■ **HOW TO COMPLETE THIS TASK**
Instruction for the entries that follow: retype exactly the lines from the line with "Fleur de lis NOLA Bride Bling Round Stickers" to the line with "Deep space grey", both included, and omit all others.

#### DATASET CONTENT ####

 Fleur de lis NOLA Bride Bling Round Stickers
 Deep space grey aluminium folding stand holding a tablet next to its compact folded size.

####
#### DATASET CONTENT ####

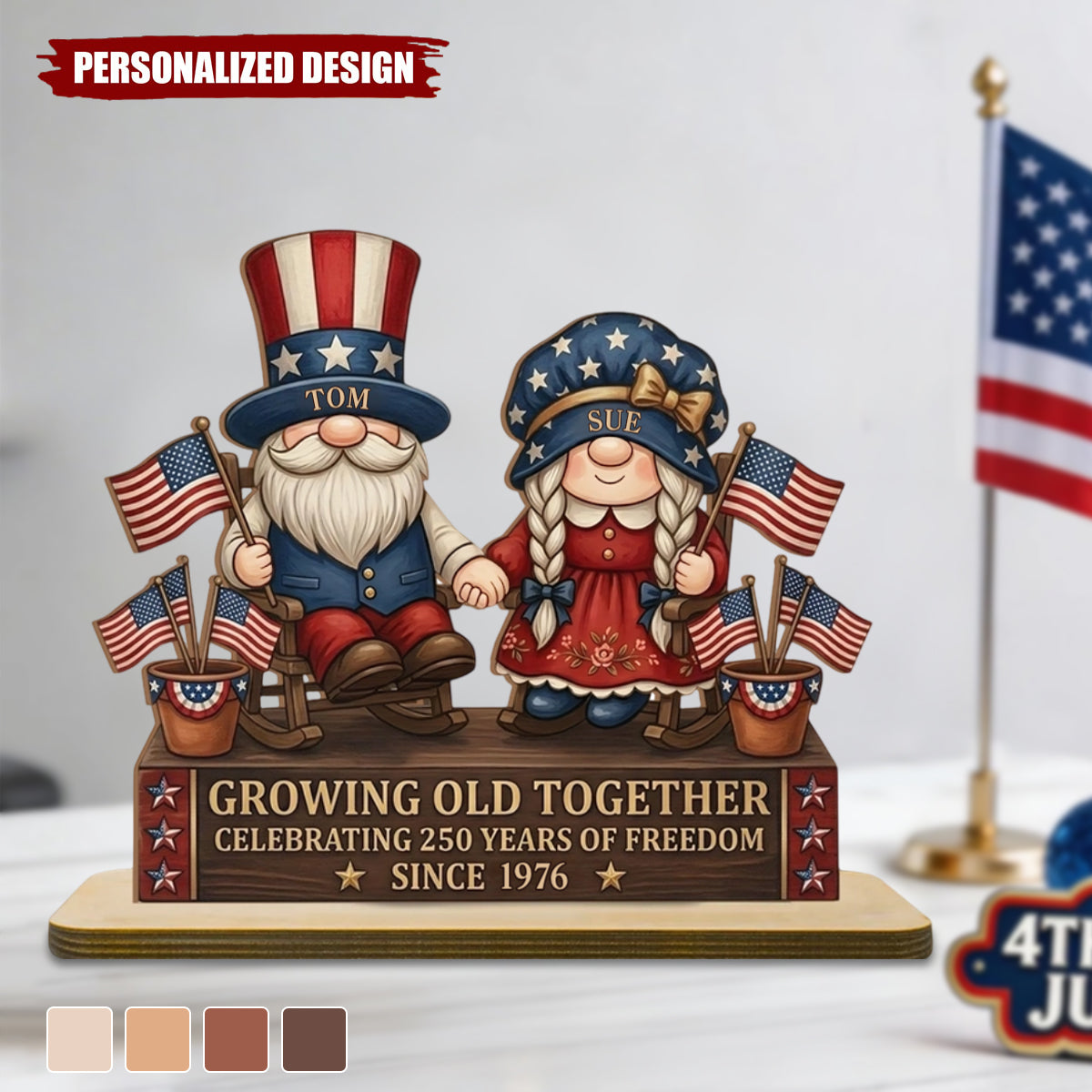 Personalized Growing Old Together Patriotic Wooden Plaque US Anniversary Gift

####
#### DATASET CONTENT ####

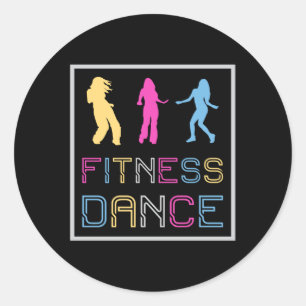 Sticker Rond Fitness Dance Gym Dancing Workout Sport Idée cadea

####

■ **RESPONSE AREA**
 Fleur de lis NOLA Bride Bling Round Stickers
 Deep space grey aluminium folding stand holding a tablet next to its compact folded size.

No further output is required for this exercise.